Looking to work their way around collecting sales tax in California, Amazon filed a petition for a referendum with the California attorney general’s office.
The referendum would ask California voters in February 2012 to overturn a new state law requiring online companies or affiliates to collect sales tax, according to the Los Angeles Times.
Though Amazon is not required to collect sales tax in states where they do not have a physical presence, new laws in states like California require online retailers to collect sales tax if affiliates operating in the state lead customers to buy products online.
As a result, Amazon cut off all their affiliate programs in several states, including Colorado, Illinois, and recently California.
But California officials are stating that Amazon’s break with affiliate programs does not exclude them from their tax responsibility, which is approximated to be $83 million.
Because of online retailers like Amazon, California estimates that about $1.2 billion a year is lost in unpaid sales taxes. The new law could potentially bring in $317 million in state and local revenues, just in the first year alone, the Times reported. Subsequent years could rake in even higher earnings.

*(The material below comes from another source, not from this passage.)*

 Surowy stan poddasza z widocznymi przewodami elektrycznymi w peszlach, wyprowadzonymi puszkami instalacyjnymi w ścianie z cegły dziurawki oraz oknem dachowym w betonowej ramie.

“We’re going to fight it,” Larry Levin told the Times. Levin is a spokesman for state Senator Loni Hancock, an author of the sales tax bill signed into law by Govenor Jerry Brown.
“If Amazon wants to take on California businesses, large and small, from Eureka to the Mexican border, we’re ready for them.”

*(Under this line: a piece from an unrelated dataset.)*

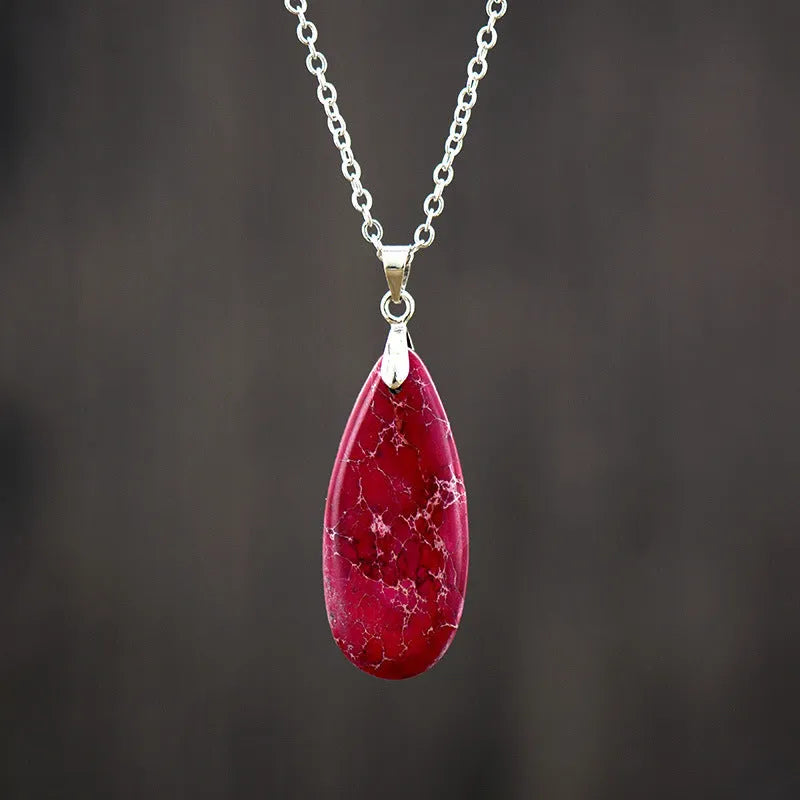 Emperor stone jade water drop pendant necklace with 18K gold plated chain on display.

Paul Misener, the vice president of global public policy at Amazon, on the other hand, believes that “Californians deserve a voice and a choice about jobs, investment and the state’s economic future.”
Amazon has called the new tax law “unconstitutional and counterproductive.”

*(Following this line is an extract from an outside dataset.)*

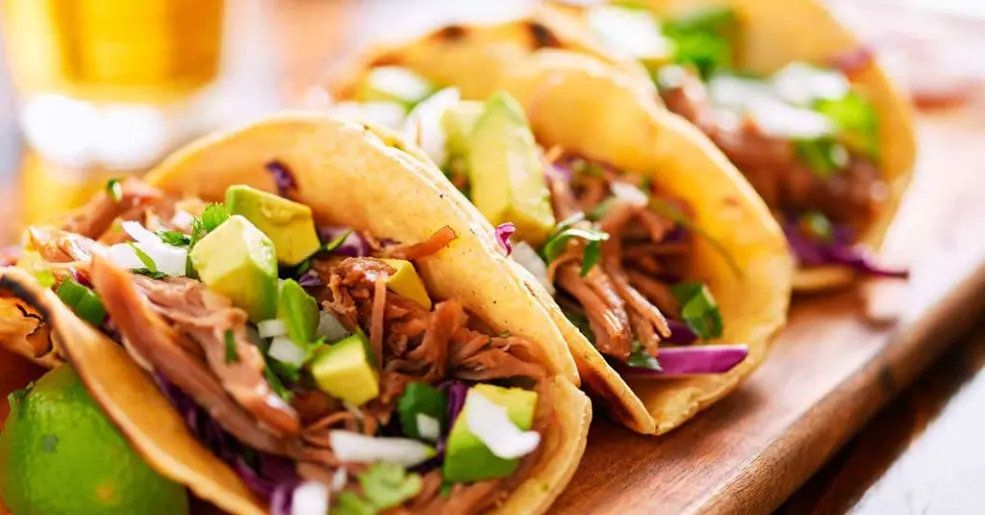 Três tacos de carne com guacamole, repolho roxo, cebola e verde em uma tábua de madeira, ideal para apreciar uma refeição mexicana deliciosa.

Brick-and-mortar competitors like Target, Wal-Mart, and Home Depot don’t agree with Amazon, however, and have reiterated their stance about the competitive disadvantage in the sales tax discrepancy. Retailers find it unfair that customers can save about 10 percent when buying online.
Kathryn Gallagher, a spokeswoman for Home Depot, told the Times, “We believe Amazon should collect sales tax because it levels the playing ground for all retailers, small and large.”
The chairman of Sears Holdings Corporation also previously stated that either all retailers should be required to collect sales tax or none at all.
But Amazon, seeking a competitive advantage, is hoping that their referendum would exclude them sales tax payment.
The online giant retailer will need to collect 504,760 valid signatures to qualify for a referendum by the end of September 2011 in order to put the ballot into voters' hands in February 2012.
Once it reaches voters, Amazon seems confident that the referendum would be widely favored, especially because it works to benefit the consumer.